Multidrug resistance (MDR) is a type of insensitivity developed by microorganisms to lethal doses of antibiotics. MDR has become a major concern for antibiotics regarding their efficacy against pathogenic diseases (Desselberger, 2000). The statistics of infections caused by MDR bacteria show that the insensitiveness of bacteria toward antibiotics has risen many folds in recent years. Several reports have emphasized that the resistance faced by antimicrobials is a big risk to human health in Europe (Llor and Bjerrum, 2014). It is claimed that Europe would spend €1.5 billion annually of its economy to meet the rate of mortality caused by the MDR bacterial infections (Rémy et al., 2015). On the other hand, in the US, more than two million people suffer from the MDR bacterial infections yearly and become the death cause of about 23,000. Similarly, these diseases are responsible for a collective $55 billion additional annual societal and healthcare expenses in the US (Prestinaci et al., 2015). The unavailability of the development of new antibacterial agents has further worsened the position of MDR bacteria (Li and Webster, 2018). Moreover, the treatment of MDR bacteria with ineffective antibiotics further supports the expansion of tolerance in bacteria. For example, 40–60% of Staphylococcus aureus strains collected from different US hospitals are resistant to methicillin and in certain cases even resistant to vancomycin and carbapenems (Ventola, 2015).
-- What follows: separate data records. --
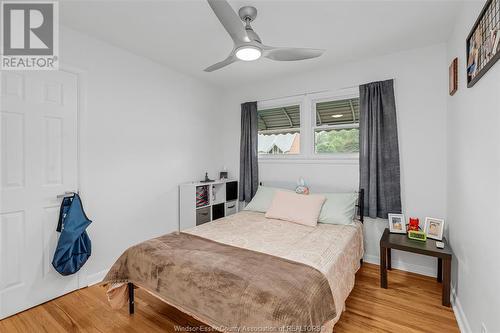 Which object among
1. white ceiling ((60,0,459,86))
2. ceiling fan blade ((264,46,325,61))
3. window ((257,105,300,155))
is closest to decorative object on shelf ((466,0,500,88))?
white ceiling ((60,0,459,86))

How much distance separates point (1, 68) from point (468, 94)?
3771 mm

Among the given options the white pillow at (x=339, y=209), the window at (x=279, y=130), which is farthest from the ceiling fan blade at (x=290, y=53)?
the white pillow at (x=339, y=209)

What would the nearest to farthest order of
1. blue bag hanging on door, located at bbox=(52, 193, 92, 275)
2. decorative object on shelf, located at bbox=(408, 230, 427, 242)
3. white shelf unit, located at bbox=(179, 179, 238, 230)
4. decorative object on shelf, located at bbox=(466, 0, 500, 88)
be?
decorative object on shelf, located at bbox=(466, 0, 500, 88) → blue bag hanging on door, located at bbox=(52, 193, 92, 275) → decorative object on shelf, located at bbox=(408, 230, 427, 242) → white shelf unit, located at bbox=(179, 179, 238, 230)

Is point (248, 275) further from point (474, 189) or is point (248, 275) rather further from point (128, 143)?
point (128, 143)

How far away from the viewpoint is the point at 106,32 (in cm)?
245

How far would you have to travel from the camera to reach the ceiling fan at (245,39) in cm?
157

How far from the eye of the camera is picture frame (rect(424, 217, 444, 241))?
8.02 ft

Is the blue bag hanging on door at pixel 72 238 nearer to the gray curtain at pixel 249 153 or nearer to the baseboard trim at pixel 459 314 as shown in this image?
the gray curtain at pixel 249 153

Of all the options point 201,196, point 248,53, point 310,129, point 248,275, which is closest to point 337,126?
point 310,129

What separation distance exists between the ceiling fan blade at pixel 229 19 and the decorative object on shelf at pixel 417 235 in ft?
8.04

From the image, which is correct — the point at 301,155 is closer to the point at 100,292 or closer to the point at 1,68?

Conventional drug delivery systems (DDSs) do not possess the potential to address this issue and display limitations. The ineffectiveness of antibiotics is not the only reason, but low bioavailability, inadequate access to spots of infection, and the growth of MDR bacteria are also equally responsible (Canaparo et al., 2019). Thus, there is an increasing need for designing and developing novel delivery strategies for enhancing therapeutic efficacy of currently available antibiotics, especially against MDR bacteria. Nanotechnology is a developing field of science dealing with materials at nano- or molecular levels. It is presently making exceptional wonders in basic and applied sciences, such as biology, medicines, chemistry, and physics (Roco, 2003). Nanomedicine has diverse applications in biological and biomedical sciences for both diagnosis and drug delivery. Nanotechnology has provided a multipipeline platform to develop nanoparticle (NP)-based biomolecular sensors (Miranda et al., 2010), cancer therapies (Portney and Ozkan, 2006; Kennedy et al., 2011), targeted drug carriers (Hallaj-Nezhadia et al., 2010; Falanga et al., 2011), and rapid recognition of pathogens (Daaboul et al., 2010; Cao et al., 2011). The physical and chemical characteristics of materials are made completely different upon bringing them to nanosize. The increased surface area is actually responsible for the changes in these properties as it improves the reactivity of materials at the nanoscale (Gu et al., 2003; Ahmad et al., 2006).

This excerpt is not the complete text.